Unfinished projects have value
The unwritten book, the never-executed research proposal, the never-sent letter to an abandoned activist coalition … There are many such unfinished projects in O’Hagan’s memoir. She writes about them without regrets, acknowledging instead how she got to them and how she abandoned them or moved on from them. She still describes them with care and detail and conveys them as something that is valuable. In one case I thought: This sounds like something that someone else working in Mad Studies has taken up since.

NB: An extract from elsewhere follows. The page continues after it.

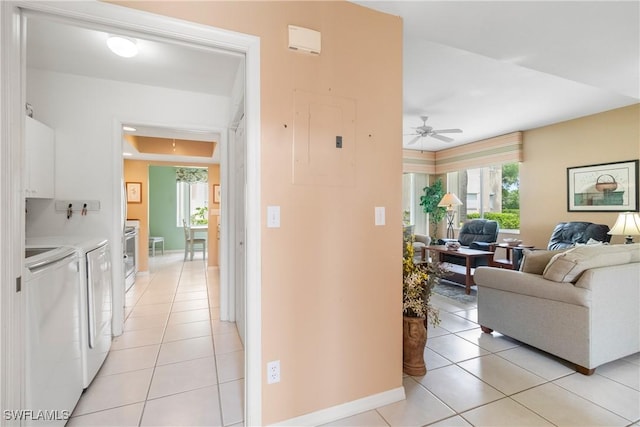 76 4th St Unit 2-102, Bonita Springs, FL 34134 - hall with washer and clothes dryer, electric panel, and light tile patterned floors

This is a spirit that I also cultivate on this website. I write about unfinished projects knowing full well that they may change shape before I finish them, or that I may never finish them. It is so antithetical to the spirit of graduate school and academic life more generally, where the „research proposal“ derives its value only by means of foreshadowing the future research project for which it is to generate funding and institutional endorsement. Or am I exaggerating the difference? In any case, I appreciated reading that O’Hagan set out to write a self-help book for people with mood swings, when other things took priority in her life and she never finished that book. It encouraged me to keep writing about, and pursuing, my own projects and not feeling like I am accrueing some sort of moral debt until I actually finish.